At some point after blogging about its 2007 appearance in a World of Interiors feature, and after tracing its original sale, I realized that was not some random table in a random former cheesemaker’s cottage in Somerset it had been sitting on. It had been acquired by Niall Hobhouse, and the cottage was part of Shatwell Farm. Hobhouse had made the working corner of his ancestral lands into the site of Drawing Matter, his ambitious archive of architectural drawings and research.
Last fall, Drawing Matter moved into town, and the chandelier came with it. Came home, in a way. In 2008, seeking to fill out its history, Hobhouse invited His Lordship to share his recollections of this singular object. Apparently it was too big to fit through the doorway of their private apartments at “KP,” so it was installed over the stairs. And indeed, it was remembered less as a two-years-late wedding present, and more of a way for Fuller to gain an audience, and perhaps, patronage for his world-building architectural schemes.

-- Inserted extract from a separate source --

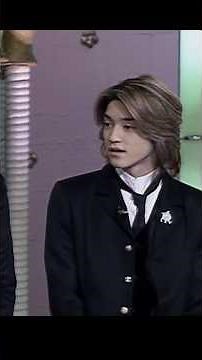 TV는 사랑을 싣고 Y2K 출연 영상 / Y2K 단독 편집 전체영상 (1999년) #유이치 #KPOP #Y2K근황 #Y2K코지 #Y2K유이치 #Y2K #y2k근황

Anyway, last week Jesper Authen of Drawing Matter kindly sent along a photo of the chandelier, which lends a mid-century Kensington Palace vibe to the archive’s new Central London space. Truly I’ve never seen it looking better.
Mint, partially in box? The wood base has been unboxed for this photo showing the untouched and apparently intact glass top of a Noguchi Coffee Table, from the era before foam packaging, selling 5 June 2025 at Potter & Potter
The Eames plywood leg splint market knows how to handle splints in their original packaging, partly because there are so many of them. The Noguchi Coffee Table market, OTOH, has to be looking at this thing and scratching their collecting heads.
The crate has a shipping address on it, twice, for Charles Eames at the Venice studio. It feels like a grail of some kind? But of what? That address has a zip code, so it’s after 1963. And it is printed with a large-format dot matrix printer, which, according to my IBM sources, was not even a thing until like the late 1970s at the earliest. Charles died in 1978.
So unless it’s going straight to a new garage, I assume whoever buys this will unbox it immediately, and end up with a nearly 50-yo coffee table that looks like you just bought it at DWR.
Prouvé X Prouvé dining table, 72 x 202 x 92 cm, painted steel, iron, stainless steel, laminated glass, from the estate of Simone Prouvé, selling 27 May 2025, Lot 84, at Artcurial
See, maybe not this one specifically, but this is the kind of FrankenProuvé collab vision I’m talking about.
It sounds like Simone Prouvé made this dining table by taking a base from her father, reinforcing it with an iron frame [which is now rusting], and putting a laminated glass and woven steel top of her own, based on an idea from “self-described Goth” architect Odile Decq, for whom Prouvé wove a steel facade for MACRO in Rome. So that’s around 2006-7.
This « tout aluminium n. 151 » Prouvé sideboard is being sold among a bunch of textile and other design objects from Simone Prouvé, Jean’s daughter. So it could have only ever been hers and still accurately described as “Famille de l’artiste, puis par descendance.”
But it cannot be the case that she had to buy it retail, right? And just because Artcurial is only going with the date it was designed, and the EUR60-80,000 estimate seems low [sic], I’m—caveat emptor—sticking with this title format.
Phillips has other wider views, but the whole point here, I think, is the very shallow, rounded bevel on the undersides, and then not painting the very thin edge. Beautiful.
Here it is in situ. Uh oh, don’t look at that. Because now you realize there’s another one, that you can’t get. Also, did the stylist really pull all the glasses off the shelf for this photo? Also, is the floor reflecting onto the ceiling, or is this some kind of 4th floor of 101 Spring St-style plane matching? Also, need me some Superleggera chairs.